* [TASK TO COMPLETE]:
Leave the pictures aside. Retype exactly the lines from the top of the data below through the one holding "Snapshot of _Luna-1".

* [Captioned web images]:
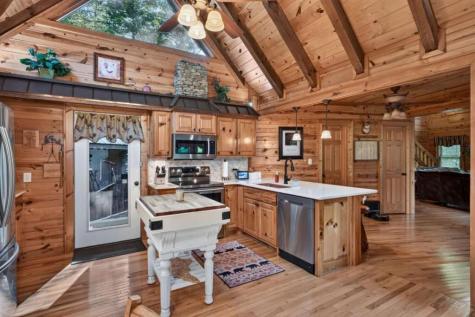 24 Twin Lakes Road Blue Ridge GA 30513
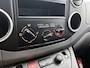Peugeot Partner Tepee Active 110pk | Airco | Cruise Control | Donker getint glas | Radio/ CD-speler | Regensensor | Automatisch dimlicht | LED dagrijverlichting | Dealeronderhouden | Trekhaak | 2x Schuifdeur |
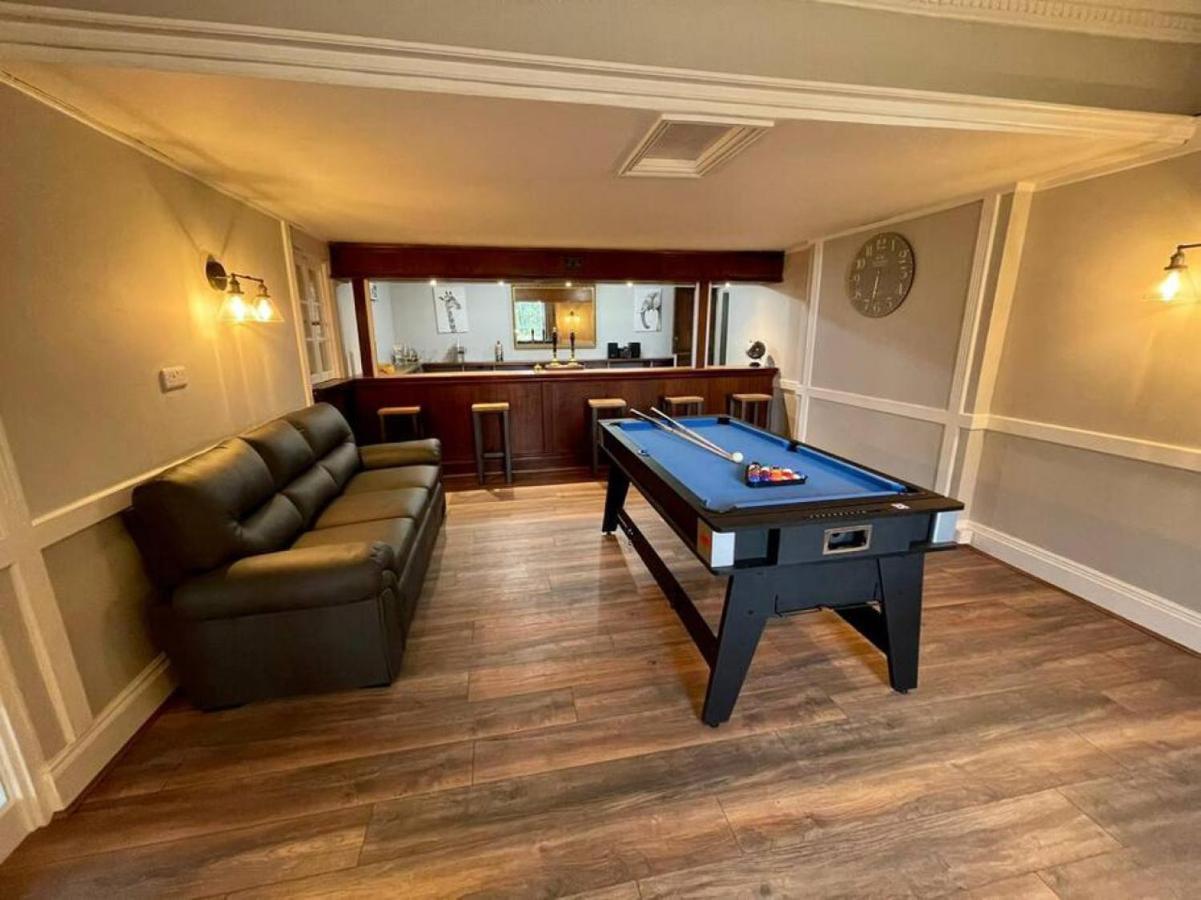Lydney House Swaffham Sleeps 22 Villa Exteriör bild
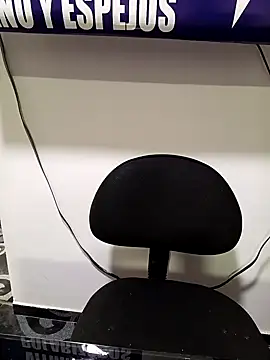 Snapshot of _Luna-1 chatting on March 2026 12:33:02 PM Luna-1 online show from March 2026 12:33:02 PM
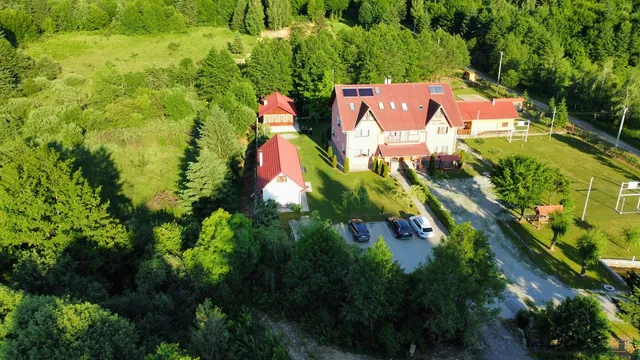 Pensiunea Colt De Rai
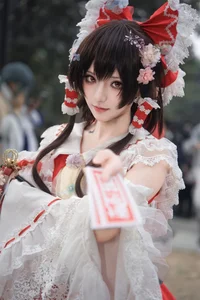 Stunning Hana Cosplay as Hualingmeng at Firefly Animation Carnival: Exquisite Floral Fantasy Fashion and Elegant Hanfu-Inspired Design for Anime Lovers-15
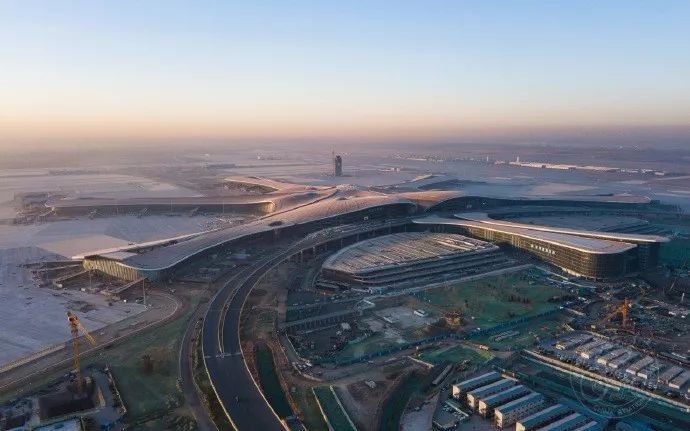扎哈遗作!狂砸800亿的北京大兴机场建成,被评为"新世界七大奇迹"之首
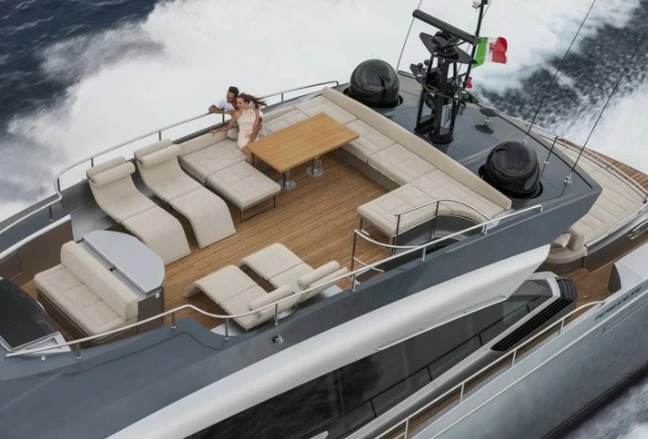 33米博星(Pershing)108超级大型豪华游艇价格8700万元左右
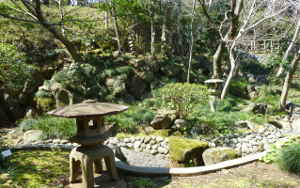 等々力渓谷　日本庭園内の石灯籠と築山～多摩川50景　等々力渓谷／多摩川散歩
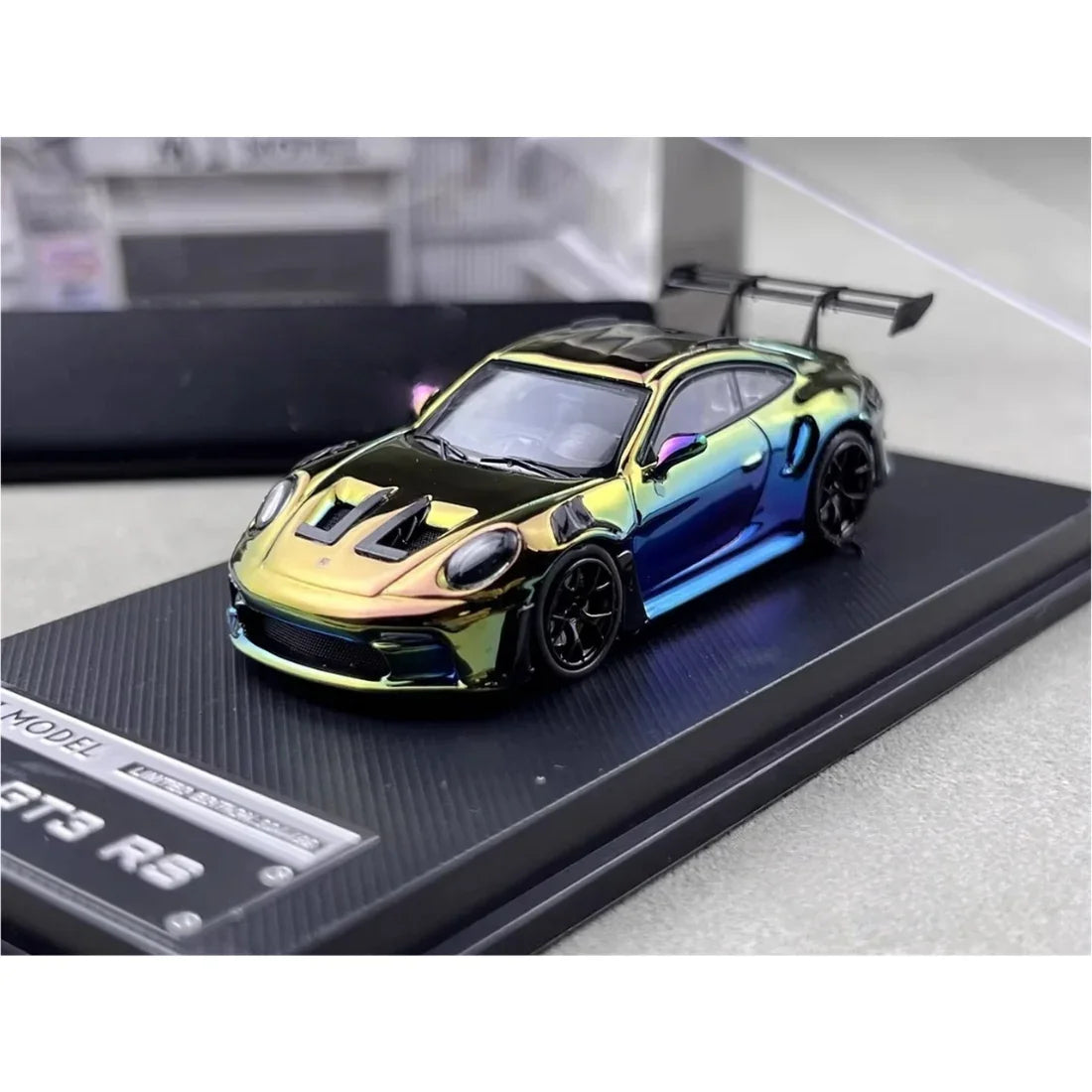 Porsche 911 GT3 RS (Limited to 499pcs), 1:64 Scale (Chrome Multicolor) collectible diecast model at Poketwheels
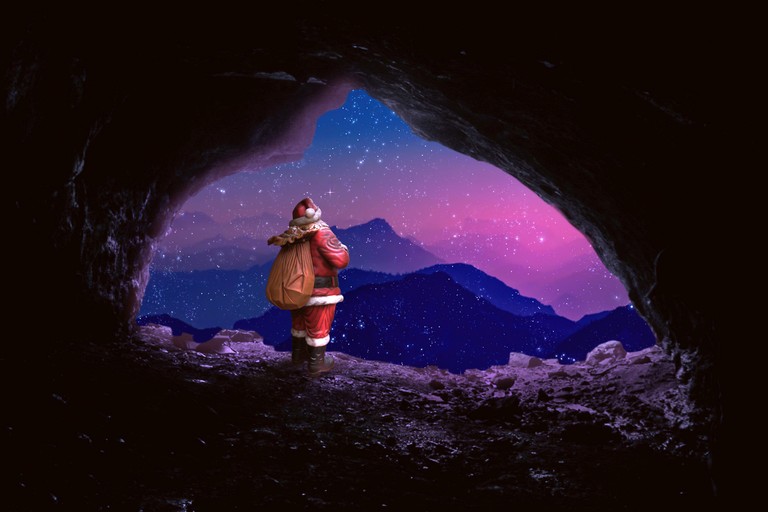 Magical Santa in a Cave - 5K & 4K Christmas Wallpaper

* [ANSWER SPACE]:
 24 Twin Lakes Road Blue Ridge GA 30513
Peugeot Partner Tepee Active 110pk | Airco | Cruise Control | Donker getint glas | Radio/ CD-speler | Regensensor | Automatisch dimlicht | LED dagrijverlichting | Dealeronderhouden | Trekhaak | 2x Schuifdeur |
Lydney House Swaffham Sleeps 22 Villa Exteriör bild
 Snapshot of _Luna-1 chatting on March 2026 12:33:02 PM Luna-1 online show from March 2026 12:33:02 PM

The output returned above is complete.